◆ **TASK TO COMPLETE**: In the records below, begin at the line containing "زفت وتطبيك للبيع" and end at the line containing "北海道森町砂原地区にある景勝地・砂崎海岸での青空に白い雲"; quote every line in that span exactly, including both boundary lines, and no others.

== INPUT FOR THIS TASK

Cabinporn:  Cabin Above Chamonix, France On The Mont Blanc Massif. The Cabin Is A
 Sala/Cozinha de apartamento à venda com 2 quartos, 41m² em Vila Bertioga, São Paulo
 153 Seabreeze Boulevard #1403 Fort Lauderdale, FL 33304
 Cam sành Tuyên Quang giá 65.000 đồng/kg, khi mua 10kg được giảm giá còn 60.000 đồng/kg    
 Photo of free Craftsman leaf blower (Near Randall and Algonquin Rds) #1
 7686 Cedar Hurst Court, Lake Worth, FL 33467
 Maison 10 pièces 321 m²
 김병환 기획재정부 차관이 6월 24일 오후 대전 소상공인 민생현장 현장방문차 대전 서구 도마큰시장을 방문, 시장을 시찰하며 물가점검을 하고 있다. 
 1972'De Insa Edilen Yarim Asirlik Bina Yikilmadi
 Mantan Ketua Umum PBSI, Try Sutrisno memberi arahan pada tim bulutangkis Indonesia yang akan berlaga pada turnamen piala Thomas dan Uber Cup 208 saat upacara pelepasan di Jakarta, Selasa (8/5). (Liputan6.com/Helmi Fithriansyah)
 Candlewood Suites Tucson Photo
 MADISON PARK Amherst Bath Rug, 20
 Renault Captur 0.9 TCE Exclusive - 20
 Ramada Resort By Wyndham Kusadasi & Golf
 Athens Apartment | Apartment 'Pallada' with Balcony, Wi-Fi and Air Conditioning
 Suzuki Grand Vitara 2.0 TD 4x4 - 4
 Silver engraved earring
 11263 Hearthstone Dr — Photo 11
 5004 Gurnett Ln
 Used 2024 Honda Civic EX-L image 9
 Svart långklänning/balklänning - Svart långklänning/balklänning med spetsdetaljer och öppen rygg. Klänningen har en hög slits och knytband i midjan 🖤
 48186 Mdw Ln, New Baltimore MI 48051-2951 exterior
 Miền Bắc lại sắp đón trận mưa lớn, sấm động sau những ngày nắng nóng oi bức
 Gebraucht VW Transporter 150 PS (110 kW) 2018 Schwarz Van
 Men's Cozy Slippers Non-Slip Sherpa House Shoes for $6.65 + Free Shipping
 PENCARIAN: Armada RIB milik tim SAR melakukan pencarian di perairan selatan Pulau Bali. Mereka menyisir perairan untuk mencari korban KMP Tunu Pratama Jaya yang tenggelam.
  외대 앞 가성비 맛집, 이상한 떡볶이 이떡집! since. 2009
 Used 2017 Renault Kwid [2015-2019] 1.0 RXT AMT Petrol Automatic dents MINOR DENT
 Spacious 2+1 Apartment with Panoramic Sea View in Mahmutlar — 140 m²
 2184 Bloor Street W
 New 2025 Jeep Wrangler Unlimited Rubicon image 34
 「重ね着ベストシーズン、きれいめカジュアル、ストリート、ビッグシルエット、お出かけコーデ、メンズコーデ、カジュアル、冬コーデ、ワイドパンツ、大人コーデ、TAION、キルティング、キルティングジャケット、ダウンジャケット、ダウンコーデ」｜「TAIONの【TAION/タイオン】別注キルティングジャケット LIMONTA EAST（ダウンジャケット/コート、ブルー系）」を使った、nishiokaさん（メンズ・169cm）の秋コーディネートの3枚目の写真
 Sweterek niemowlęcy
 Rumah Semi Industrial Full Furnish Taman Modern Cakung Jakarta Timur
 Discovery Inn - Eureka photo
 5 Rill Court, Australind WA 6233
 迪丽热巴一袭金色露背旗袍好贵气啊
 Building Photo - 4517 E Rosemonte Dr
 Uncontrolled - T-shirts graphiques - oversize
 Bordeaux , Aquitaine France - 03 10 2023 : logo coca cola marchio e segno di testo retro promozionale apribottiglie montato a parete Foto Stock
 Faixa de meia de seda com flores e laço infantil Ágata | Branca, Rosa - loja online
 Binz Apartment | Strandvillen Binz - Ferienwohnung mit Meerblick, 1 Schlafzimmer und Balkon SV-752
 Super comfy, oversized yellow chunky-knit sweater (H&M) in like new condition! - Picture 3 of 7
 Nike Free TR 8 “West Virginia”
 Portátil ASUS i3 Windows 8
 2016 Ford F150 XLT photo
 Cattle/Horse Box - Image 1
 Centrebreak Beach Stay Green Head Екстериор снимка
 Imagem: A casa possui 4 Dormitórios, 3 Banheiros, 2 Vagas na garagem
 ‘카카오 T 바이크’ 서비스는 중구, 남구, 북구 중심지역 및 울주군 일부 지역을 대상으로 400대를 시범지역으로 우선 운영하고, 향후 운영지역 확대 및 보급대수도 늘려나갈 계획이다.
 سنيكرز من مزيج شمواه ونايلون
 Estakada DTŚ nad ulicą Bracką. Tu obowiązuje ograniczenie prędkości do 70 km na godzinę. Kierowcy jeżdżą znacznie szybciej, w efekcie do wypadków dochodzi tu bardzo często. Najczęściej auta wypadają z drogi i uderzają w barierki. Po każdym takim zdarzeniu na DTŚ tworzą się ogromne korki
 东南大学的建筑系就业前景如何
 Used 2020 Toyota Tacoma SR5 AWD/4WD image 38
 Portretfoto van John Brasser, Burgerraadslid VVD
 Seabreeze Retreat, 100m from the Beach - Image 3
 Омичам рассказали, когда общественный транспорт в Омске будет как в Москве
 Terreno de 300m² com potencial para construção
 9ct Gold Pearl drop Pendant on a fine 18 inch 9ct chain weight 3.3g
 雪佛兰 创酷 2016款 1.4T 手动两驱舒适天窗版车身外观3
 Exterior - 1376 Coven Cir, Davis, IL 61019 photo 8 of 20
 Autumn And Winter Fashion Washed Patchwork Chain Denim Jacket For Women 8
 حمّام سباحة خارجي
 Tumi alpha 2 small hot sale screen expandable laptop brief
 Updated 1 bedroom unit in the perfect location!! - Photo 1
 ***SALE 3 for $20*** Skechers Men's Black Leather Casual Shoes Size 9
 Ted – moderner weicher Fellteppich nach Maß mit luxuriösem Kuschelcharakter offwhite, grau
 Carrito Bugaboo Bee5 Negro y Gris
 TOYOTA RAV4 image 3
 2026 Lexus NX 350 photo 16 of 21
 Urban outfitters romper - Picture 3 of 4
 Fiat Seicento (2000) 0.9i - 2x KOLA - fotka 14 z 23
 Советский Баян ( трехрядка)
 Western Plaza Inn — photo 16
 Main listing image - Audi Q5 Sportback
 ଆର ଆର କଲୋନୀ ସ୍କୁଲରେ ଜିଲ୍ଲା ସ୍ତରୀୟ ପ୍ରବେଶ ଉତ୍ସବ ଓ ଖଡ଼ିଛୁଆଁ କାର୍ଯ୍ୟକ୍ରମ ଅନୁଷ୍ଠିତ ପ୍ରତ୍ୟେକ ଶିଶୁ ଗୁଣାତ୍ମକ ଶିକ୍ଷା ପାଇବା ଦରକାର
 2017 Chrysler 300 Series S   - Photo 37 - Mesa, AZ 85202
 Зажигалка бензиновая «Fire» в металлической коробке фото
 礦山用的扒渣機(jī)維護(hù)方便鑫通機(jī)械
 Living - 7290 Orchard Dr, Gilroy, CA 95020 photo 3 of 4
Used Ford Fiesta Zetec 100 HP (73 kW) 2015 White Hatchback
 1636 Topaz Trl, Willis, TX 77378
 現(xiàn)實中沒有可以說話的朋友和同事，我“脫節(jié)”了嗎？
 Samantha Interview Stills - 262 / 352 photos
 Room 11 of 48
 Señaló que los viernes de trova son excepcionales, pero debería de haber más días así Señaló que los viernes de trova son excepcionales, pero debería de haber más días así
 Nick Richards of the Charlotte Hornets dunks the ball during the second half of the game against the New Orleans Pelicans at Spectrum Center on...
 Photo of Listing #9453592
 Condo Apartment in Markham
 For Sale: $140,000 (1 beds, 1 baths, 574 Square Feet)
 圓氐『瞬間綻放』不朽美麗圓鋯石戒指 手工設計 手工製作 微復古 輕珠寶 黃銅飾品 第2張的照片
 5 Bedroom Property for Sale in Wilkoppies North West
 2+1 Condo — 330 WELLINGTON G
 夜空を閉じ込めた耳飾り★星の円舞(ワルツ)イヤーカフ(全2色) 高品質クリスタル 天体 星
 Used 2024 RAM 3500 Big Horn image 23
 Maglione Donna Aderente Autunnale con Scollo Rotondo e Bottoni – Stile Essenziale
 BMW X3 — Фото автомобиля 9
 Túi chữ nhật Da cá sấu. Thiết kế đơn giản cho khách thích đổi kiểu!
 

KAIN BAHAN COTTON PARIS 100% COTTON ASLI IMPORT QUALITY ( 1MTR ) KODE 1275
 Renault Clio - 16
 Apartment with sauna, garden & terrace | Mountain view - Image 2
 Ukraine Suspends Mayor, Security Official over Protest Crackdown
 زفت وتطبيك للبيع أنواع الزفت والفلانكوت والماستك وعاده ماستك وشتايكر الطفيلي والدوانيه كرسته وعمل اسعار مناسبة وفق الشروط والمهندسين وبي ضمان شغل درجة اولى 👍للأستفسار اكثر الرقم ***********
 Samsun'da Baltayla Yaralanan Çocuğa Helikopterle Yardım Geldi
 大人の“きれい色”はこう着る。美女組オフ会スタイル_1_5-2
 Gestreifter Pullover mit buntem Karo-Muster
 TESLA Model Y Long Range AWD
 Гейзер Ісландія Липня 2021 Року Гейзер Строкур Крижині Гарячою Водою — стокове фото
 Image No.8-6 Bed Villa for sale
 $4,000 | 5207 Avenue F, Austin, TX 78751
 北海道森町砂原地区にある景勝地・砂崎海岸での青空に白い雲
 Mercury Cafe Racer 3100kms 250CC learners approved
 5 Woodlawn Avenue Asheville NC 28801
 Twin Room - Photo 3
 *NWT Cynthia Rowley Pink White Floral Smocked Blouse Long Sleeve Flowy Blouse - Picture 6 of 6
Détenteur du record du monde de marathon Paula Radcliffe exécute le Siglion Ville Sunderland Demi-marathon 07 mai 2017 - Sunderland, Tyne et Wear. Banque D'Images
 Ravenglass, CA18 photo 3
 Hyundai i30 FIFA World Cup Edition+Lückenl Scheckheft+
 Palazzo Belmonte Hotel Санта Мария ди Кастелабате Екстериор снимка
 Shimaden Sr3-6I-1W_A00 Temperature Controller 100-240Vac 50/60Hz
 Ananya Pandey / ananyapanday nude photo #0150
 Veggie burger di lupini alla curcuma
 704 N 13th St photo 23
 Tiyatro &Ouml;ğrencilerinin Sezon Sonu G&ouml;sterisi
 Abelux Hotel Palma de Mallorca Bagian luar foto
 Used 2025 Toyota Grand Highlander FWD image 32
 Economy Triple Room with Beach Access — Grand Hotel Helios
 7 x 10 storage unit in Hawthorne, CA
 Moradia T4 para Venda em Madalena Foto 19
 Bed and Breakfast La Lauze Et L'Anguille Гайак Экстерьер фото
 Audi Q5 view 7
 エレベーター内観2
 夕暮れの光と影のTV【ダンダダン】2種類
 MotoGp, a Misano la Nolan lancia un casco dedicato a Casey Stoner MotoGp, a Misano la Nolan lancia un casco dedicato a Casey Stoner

====

◆ **ANSWER SPACE**:
 زفت وتطبيك للبيع أنواع الزفت والفلانكوت والماستك وعاده ماستك وشتايكر الطفيلي والدوانيه كرسته وعمل اسعار مناسبة وفق الشروط والمهندسين وبي ضمان شغل درجة اولى 👍للأستفسار اكثر الرقم ***********
 Samsun'da Baltayla Yaralanan Çocuğa Helikopterle Yardım Geldi
 大人の“きれい色”はこう着る。美女組オフ会スタイル_1_5-2
 Gestreifter Pullover mit buntem Karo-Muster
 TESLA Model Y Long Range AWD
 Гейзер Ісландія Липня 2021 Року Гейзер Строкур Крижині Гарячою Водою — стокове фото
 Image No.8-6 Bed Villa for sale
 $4,000 | 5207 Avenue F, Austin, TX 78751
 北海道森町砂原地区にある景勝地・砂崎海岸での青空に白い雲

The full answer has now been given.